As highlighted in the recent call for an overarching strategy addressing maritime security, ensuring maritime security requires the execution of a large spectrum of maritime tasks of which protection of trade is only one. But it’s an important one that requires a significant blue-water capability.
While the dual constraints of cost and workforce will of course prohibit a Mahanian view of ‘total command of the sea’, a realistic approach is needed to achieve localised sea control and power projection to secure Australia’s seaborne supply. In articulating its maritime domain force structure priorities, the 2023 review states that the navy ‘must be optimised for operating in Australia’s immediate region and for the security of our sea lines of communication and maritime trade’. It then highlights that, as a consequence, immediate investment priorities for the maritime domain include ‘the acquisition of a contemporary optimal mix of Tier 1 and Tier 2 surface combatants, consistent with a strategy of a larger number of smaller surface vessels’.
There arises the challenge. Be it a consequence of insufficient armament, endurance, flight deck capabilities, speed—the list of comparative metrics goes on—Tier 2 surface combatants (however that designation may be defined) will not be able to meet this tasking. Nor will they be able to complete a number of other tasks required in Australia’s implied maritime strategy.

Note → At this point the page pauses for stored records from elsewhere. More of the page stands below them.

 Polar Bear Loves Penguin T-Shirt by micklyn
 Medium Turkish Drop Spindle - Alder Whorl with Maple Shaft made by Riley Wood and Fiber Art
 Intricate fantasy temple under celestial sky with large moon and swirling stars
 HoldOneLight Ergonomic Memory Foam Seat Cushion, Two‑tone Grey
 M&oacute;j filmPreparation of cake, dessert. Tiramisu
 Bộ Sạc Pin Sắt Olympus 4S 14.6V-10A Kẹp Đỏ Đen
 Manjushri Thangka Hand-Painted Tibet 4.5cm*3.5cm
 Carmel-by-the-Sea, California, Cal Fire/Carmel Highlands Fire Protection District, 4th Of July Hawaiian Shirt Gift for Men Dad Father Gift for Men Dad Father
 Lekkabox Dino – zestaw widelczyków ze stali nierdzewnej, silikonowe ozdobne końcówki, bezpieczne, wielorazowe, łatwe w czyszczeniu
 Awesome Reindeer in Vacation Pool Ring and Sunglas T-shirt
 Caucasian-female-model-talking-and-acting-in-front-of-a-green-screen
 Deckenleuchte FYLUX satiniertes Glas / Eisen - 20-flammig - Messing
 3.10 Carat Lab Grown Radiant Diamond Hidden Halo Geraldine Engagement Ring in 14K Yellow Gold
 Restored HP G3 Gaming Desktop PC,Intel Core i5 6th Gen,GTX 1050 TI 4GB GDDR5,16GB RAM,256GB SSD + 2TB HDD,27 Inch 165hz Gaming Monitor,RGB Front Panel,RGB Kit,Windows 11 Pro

They will, however, be able to complete many other maritime security tasks currently performed by the patrol boat force. I tend to agree with Rowan Moffitt’s assertion that the 1986 Dibb review intended the Anzac-class frigates to be a Tier 2 capability. The patrol boat’s planned replacement, the offshore patrol vessel, is underarmed and slow for the current context, and Peter Dean makes a valid point that replacing the OPV with a corvette may be beneficial.
But the core of the challenge is that the surface combatant fleet needs to be expanded beyond ‘the answer is always 12’. How that is to be done is a different question to whether Australia should acquire corvettes or not.
Based on the three-to-one ratio often used to indicate force availability, 12 surface combatants, of which four are likely to be available for operations at any time, can’t provide the degree of localised sea control and power projection required to protect Australia’s sea lines of communication.
This doesn’t mean that the real cost and workforce constraints aren’t important. They are. It does mean that Australia and the ADF must find a way to mitigate these issues. That will require a separate, dedicated discussion.
The ADF must receive more funding if the government intends to meet the challenges set out in the defence strategic review, as discussed in ASPI’s 2023–24 budget brief. This will enable the expansion of the RAN’s surface fleet, among other priorities. And we must think differently about the navy’s workforce challenges. The discussion about recruitment and retention, while important, won’t address the structural changes required to crew a fleet designed to protect Australia’s national interests. The answer to this vexed question may include a coastguard, a naval auxiliary, a system of readiness levels, a rehash of the reserves—the list goes on.
The point is that the answer to the problem of how many surface combatants we need is not perpetually 11–12, and difficult choices will need to be made to ensure the required structure is identified, funded and crewed.